Louise L. Chase (Bond; September 2, 1840 – September 19, 1906) was an American social reformer. She was elected president of the Woman's Christian Temperance Union (W.C.T.U.) of Middletown, Rhode Island, and elected president of the Woman's Foreign Missionary Society of the Methodist Episcopal Church in Newport, Rhode Island.[1] [2]
Louise L. Bond was born in Warren, Massachusetts, September 2, 1840. She was a daughter of Samuel Bond (1796-1873) and Mary (Damon) Bond (1803-?). Louise had three siblings, John, Maria, and Samuel.[3]
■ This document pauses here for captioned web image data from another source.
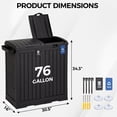 thumbnail image 3 of ZenSports 76Gal Dual Outdoor Trash Can W/Lid & Drip Tray, Weatherproof PP Patio Garbage Bin W/Wet, Dry Sorting Tags & 3 Ground Anchors & Ashtray, Black, 3 of 10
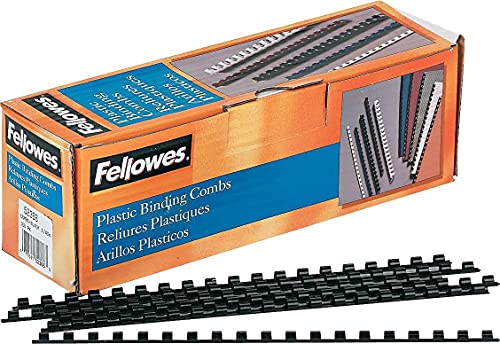 Fellowes 52366 Plastic Comb Bindings, 1/4-Inch Diameter, 20 Sheet Capacity, Black, 100 Combs/Pack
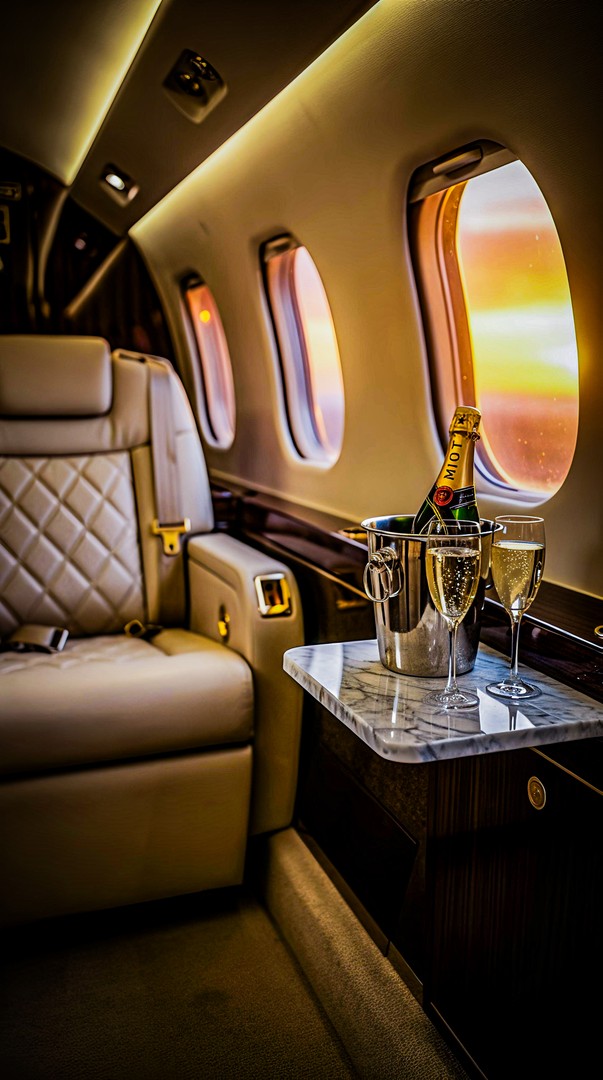 Private Jet Luxury Interior HD Wallpaper 4K - Elite Travel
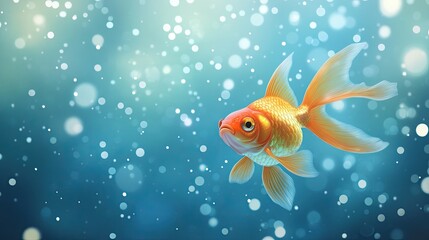 A goldfish peering over a bright pastel backdrop, ideal for an ad, card, or birthday party invite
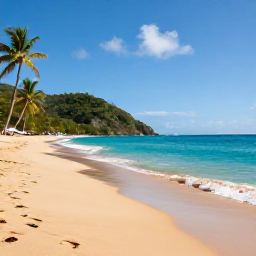 Caribbean Holidays, August Beach Holidays, Quiet golden beach on Saint Vincent and the Grenadines in August, turquoise Caribbean water, palm trees and a relaxed holiday atmosphere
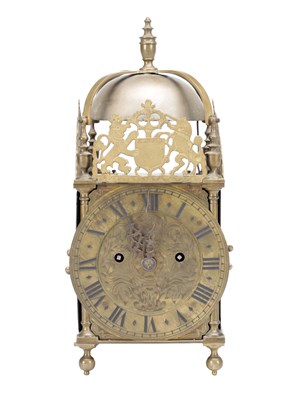 Lot 1282 - A LATE 19TH CENTURY BRASS DOUBLE FUSEE LANTERN STYLE MANTEL CLOCK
Soon after her birth, her parents moved to Brimfield, Massachusetts, where she received her education, entering the Hitchcock free high school at the age of 13. Her attendance in that school was interrupted by a temporary residence in Columbia, Connecticut, where she attended a private school. She returned to Brimheld and finished her course at the age of 16.
In 1857, she took up her residence in Lebanon, Connecticut, and there married, in 1861, Alfred W. Chase, a native of Bristol, Rhode Island. Mr. and Mrs. Chase soon removed to Brooklyn, Connecticut, and in 1882, to Middletown, Rhode Island, the home of Mr. Chase's family.
The W.C.T.U. of Middletown was organized in 1882 and Chase was elected one of the vice-presidents.[4] In 1885, she was elected president of the W.C.T.U. of Middletown, and in that way became prominent in the work. She was elected State vice-president of the W.C.T.U., and at about the same time, State superintendent of the department of Sabbath observance. In 1886, she represented the State in the National Convention in Minneapolis, Minnesota. She was elected, in 1891, State superintendent of scientific temperance instruction in schools.[5]
Chase was affiliated with the New England branch of the Woman's Foreign Missionary Society of the Methodist Episcopal Church.[6] Shortly before her death, she was elected president of that organization in Newport, Rhode Island. Louise L. Chase died in Newport, September 19, 1906.